Transcribe the data exactly, stopping after the "Granit Xhaka of" line.

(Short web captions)
»»
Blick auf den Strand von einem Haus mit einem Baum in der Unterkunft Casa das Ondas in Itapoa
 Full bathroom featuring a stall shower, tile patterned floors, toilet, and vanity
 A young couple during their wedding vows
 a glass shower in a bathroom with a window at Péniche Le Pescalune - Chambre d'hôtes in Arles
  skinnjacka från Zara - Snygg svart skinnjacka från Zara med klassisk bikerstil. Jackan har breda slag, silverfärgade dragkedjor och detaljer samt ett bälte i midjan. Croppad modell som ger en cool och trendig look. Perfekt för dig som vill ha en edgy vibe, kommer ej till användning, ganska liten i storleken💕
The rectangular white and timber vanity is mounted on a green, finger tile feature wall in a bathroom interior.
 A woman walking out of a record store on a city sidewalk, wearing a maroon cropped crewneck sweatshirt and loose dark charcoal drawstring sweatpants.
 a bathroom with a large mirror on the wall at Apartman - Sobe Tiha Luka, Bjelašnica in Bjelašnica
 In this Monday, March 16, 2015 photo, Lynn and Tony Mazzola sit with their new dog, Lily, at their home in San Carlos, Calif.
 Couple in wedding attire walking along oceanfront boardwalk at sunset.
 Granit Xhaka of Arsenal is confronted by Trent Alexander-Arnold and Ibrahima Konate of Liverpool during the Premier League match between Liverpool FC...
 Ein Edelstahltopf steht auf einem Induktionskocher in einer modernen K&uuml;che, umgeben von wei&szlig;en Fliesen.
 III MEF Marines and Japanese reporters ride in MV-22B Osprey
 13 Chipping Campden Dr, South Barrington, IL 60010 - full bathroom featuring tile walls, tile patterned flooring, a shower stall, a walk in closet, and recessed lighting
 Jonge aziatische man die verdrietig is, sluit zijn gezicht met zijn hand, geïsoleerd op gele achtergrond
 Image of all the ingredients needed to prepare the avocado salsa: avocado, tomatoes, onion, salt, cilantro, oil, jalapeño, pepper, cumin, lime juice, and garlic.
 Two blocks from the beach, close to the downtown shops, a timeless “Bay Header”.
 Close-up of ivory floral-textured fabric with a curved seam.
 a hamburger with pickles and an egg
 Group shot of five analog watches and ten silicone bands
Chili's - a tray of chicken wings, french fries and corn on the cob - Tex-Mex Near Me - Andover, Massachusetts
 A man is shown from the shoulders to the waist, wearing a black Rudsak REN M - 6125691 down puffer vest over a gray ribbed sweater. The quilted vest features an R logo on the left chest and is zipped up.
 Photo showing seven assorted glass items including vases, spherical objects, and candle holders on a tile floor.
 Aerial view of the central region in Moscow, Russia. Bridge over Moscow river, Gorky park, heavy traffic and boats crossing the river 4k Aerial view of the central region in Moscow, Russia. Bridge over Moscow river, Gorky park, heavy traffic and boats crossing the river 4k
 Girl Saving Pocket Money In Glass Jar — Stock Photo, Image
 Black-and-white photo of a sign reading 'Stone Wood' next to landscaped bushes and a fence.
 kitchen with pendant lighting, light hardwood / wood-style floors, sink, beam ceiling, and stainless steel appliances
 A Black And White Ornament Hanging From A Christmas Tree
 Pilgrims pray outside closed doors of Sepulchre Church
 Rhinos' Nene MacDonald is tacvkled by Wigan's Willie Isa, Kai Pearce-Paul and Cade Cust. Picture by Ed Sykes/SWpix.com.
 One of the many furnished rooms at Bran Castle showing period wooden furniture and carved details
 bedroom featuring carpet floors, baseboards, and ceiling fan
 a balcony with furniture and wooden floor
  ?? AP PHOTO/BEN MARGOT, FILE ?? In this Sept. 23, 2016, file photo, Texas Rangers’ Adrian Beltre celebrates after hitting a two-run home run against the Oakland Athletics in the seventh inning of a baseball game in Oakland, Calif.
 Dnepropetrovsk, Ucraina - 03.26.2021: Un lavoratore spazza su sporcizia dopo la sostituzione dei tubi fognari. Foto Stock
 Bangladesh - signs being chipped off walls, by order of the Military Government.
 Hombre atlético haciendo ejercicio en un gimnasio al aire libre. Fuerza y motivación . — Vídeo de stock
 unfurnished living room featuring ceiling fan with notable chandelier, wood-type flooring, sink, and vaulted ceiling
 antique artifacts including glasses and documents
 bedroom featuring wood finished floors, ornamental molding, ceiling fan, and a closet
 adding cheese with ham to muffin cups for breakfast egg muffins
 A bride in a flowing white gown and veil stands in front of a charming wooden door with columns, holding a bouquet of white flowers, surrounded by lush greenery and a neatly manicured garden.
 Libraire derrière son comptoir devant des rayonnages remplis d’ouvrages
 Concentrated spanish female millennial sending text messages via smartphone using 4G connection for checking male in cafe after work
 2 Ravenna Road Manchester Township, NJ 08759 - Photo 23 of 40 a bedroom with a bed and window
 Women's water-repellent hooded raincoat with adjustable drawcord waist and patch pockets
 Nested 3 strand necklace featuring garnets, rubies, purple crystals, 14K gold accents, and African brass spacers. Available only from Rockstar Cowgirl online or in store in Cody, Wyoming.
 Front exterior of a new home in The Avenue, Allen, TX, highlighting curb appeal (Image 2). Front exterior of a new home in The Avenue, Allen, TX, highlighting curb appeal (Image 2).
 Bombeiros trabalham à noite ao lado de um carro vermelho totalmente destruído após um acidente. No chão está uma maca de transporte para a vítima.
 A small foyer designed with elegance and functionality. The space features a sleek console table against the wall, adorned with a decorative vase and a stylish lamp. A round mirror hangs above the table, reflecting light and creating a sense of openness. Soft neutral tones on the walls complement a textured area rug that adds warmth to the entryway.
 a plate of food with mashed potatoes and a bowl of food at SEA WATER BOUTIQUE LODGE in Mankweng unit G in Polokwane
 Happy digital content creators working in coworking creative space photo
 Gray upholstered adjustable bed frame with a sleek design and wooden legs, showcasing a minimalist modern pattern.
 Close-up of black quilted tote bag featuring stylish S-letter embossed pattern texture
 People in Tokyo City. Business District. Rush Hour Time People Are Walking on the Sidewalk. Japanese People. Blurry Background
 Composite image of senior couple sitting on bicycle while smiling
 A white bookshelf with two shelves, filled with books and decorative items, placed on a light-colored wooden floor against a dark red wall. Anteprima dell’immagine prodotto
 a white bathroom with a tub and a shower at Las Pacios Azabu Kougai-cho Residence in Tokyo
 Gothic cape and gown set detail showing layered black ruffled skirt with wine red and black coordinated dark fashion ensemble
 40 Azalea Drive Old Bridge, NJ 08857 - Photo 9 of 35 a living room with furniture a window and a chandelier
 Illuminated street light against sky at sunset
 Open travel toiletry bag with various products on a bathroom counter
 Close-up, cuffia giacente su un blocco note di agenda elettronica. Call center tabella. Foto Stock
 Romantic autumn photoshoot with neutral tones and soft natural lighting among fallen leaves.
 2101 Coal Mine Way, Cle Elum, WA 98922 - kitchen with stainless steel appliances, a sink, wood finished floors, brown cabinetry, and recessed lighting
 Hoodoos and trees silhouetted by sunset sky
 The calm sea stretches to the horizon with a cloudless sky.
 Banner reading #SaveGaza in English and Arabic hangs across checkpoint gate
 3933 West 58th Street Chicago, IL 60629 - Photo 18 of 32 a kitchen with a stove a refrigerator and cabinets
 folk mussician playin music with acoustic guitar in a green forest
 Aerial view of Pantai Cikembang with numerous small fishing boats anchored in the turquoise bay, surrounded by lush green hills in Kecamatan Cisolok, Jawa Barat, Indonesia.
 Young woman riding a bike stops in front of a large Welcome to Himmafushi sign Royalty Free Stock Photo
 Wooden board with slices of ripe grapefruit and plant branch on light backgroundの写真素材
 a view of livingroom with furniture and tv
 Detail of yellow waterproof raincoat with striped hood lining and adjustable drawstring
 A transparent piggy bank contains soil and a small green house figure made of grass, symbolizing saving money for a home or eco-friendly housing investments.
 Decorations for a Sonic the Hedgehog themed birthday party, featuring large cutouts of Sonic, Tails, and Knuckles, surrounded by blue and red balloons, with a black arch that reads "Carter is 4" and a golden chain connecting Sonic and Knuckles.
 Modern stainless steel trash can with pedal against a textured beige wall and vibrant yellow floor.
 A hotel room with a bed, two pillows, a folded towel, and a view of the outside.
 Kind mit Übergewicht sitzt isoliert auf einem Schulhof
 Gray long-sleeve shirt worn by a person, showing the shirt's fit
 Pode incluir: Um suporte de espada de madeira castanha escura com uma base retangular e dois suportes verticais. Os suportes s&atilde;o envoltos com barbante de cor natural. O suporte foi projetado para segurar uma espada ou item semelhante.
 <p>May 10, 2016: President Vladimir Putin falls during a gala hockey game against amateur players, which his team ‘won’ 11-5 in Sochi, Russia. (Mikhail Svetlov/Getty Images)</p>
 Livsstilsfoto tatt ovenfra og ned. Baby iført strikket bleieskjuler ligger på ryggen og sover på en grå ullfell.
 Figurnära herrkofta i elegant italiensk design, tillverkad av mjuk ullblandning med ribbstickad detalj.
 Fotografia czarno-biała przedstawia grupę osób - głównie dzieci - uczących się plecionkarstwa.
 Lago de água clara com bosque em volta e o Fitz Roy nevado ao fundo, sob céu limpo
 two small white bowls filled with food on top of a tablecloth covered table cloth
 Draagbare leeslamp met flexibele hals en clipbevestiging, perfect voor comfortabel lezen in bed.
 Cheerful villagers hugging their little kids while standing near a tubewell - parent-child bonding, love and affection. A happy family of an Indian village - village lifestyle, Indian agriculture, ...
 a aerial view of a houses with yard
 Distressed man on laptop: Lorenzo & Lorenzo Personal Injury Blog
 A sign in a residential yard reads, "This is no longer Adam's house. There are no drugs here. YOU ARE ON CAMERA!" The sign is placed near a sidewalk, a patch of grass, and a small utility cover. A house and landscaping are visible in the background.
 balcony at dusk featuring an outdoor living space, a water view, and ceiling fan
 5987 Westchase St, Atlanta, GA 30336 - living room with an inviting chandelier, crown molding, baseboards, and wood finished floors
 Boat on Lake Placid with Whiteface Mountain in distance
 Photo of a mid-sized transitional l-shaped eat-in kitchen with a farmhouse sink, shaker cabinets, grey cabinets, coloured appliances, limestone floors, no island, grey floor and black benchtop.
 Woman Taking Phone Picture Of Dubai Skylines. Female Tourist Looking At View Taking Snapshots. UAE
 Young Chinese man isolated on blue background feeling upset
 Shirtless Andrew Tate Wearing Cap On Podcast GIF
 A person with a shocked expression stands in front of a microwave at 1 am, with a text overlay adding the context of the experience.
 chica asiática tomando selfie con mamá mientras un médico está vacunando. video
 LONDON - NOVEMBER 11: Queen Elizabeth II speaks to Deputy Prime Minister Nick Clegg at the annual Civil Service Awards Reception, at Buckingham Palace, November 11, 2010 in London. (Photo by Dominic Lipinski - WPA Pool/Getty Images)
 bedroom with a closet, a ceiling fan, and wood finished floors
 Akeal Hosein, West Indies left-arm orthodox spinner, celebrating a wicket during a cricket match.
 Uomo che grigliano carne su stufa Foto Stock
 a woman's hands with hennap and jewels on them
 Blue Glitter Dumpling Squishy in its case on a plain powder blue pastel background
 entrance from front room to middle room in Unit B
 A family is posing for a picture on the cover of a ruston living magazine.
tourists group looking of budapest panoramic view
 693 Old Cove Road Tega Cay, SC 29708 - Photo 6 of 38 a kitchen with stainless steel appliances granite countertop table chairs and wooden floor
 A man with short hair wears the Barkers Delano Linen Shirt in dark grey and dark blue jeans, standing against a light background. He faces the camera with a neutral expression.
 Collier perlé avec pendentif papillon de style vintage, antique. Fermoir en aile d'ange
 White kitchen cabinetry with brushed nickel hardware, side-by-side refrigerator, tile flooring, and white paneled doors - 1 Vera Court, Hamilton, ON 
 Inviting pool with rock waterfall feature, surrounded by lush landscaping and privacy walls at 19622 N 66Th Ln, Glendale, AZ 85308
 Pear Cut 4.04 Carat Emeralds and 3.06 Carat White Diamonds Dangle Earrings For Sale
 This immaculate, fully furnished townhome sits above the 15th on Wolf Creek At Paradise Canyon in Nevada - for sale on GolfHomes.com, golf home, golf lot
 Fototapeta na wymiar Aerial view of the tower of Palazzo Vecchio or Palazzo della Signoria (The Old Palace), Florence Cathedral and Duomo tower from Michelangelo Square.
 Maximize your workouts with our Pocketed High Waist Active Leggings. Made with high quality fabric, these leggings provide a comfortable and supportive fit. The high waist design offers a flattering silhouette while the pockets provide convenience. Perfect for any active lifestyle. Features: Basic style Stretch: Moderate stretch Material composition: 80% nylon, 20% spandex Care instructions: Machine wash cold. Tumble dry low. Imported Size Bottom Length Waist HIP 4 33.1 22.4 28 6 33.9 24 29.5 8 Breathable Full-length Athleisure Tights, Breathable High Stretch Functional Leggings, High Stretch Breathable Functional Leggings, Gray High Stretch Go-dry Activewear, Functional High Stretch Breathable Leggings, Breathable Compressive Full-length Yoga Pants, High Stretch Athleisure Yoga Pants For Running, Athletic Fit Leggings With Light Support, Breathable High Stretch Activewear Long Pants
««
__YOUR SOLUTION__:
Blick auf den Strand von einem Haus mit einem Baum in der Unterkunft Casa das Ondas in Itapoa
 Full bathroom featuring a stall shower, tile patterned floors, toilet, and vanity
 A young couple during their wedding vows
 a glass shower in a bathroom with a window at Péniche Le Pescalune - Chambre d'hôtes in Arles
  skinnjacka från Zara - Snygg svart skinnjacka från Zara med klassisk bikerstil. Jackan har breda slag, silverfärgade dragkedjor och detaljer samt ett bälte i midjan. Croppad modell som ger en cool och trendig look. Perfekt för dig som vill ha en edgy vibe, kommer ej till användning, ganska liten i storleken💕
The rectangular white and timber vanity is mounted on a green, finger tile feature wall in a bathroom interior.
 A woman walking out of a record store on a city sidewalk, wearing a maroon cropped crewneck sweatshirt and loose dark charcoal drawstring sweatpants.
 a bathroom with a large mirror on the wall at Apartman - Sobe Tiha Luka, Bjelašnica in Bjelašnica
 In this Monday, March 16, 2015 photo, Lynn and Tony Mazzola sit with their new dog, Lily, at their home in San Carlos, Calif.
 Couple in wedding attire walking along oceanfront boardwalk at sunset.
 Granit Xhaka of Arsenal is confronted by Trent Alexander-Arnold and Ibrahima Konate of Liverpool during the Premier League match between Liverpool FC...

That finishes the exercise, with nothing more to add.